While some may initially roll their eyes at the thematic obviousness of Mills’ premise, the film strays away from the irony of a child imposing on an adult’s work. The writer-director’s approach feels completely genuine and honest. Although the film focuses on Johnny and Jesse’s rich and truly human relationship, C’mon C’mon quietly deals with the issues of the world. This is evident in the stunning cinematography by Robbie Ryan, which takes time to show us the world that the characters inhabit while also isolating them within it.
C’mon C’mon feels especially directed at those old enough to listen to and reflect on what Jesse and the other children say throughout the film from a place of complacency. The film does a beautiful job of capturing the raw, unfiltered perspective of America’s youth. Despite this, viewers are clearly there to witness how this affects middle-aged Johnny, who works with children every day but doesn’t have any himself. Even if he values his work and the voices of his subjects, his approach is more transactional than transformational. This is where a temperamental 9-year-old acts as an unpredictable open door into Johnny’s existence.
For the film to work, Phoenix and Norman’s chemistry needed to be spot on, and it is. Coming hot off the heels of his Oscar win for Joker, Joaquin Phoenix is completely against type as a normal, warm, tender figure. Woody Norman gives a groundbreaking performance for a child actor, being both chaotic and charming. We see the fear in their eyes as they try to navigate the uncharted waters of a very adult world. However, we ultimately see joy work its way in as they both get acclimated to their unusual situation.

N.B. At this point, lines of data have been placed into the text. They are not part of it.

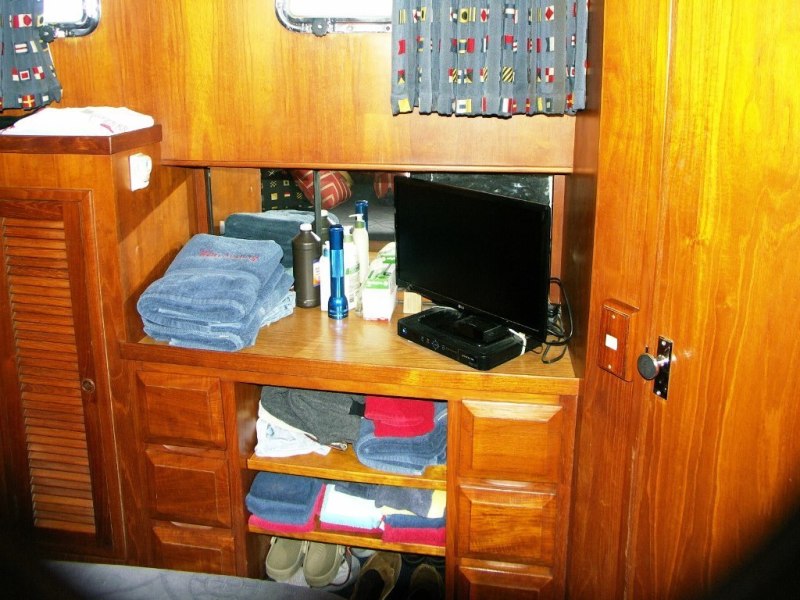 1985 DeFever Tri-Cabin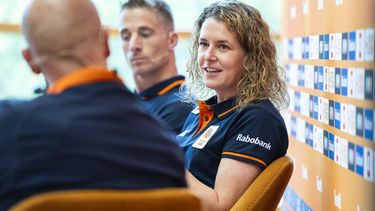 ARNHEM - Chefs de mission Ireen Wust en Jetze Plat tijdens een presentatie van sportkoepel NOC*NSF op Papendal. Tijdens de bijeenkomst stonden plannen rond de Olympische Spelen en de Paralympische Spelen in Los Angeles in 2028 centraal. JEROEN JUMELET/ ANP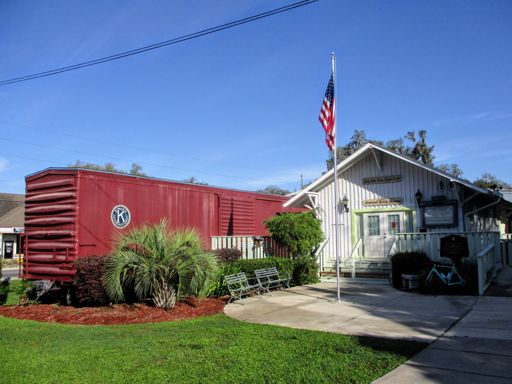 I was trying to follow the railroad south through Lady Lake to Leesburg. Here is the Lady Lake Train Depot which is also a small museum for the town.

Mike Mills has created a beautiful work of art that has an incredible warmth to it. This film feels like it’s giving you a big hug. This is helped by the mesmerising score by Bryce and Aaron Dessner, featuring slow chord progressions which make you melt in your seat. Combined, this creates a wonderful film that will really make you reflect on your own life and the state of the very complex world we live in.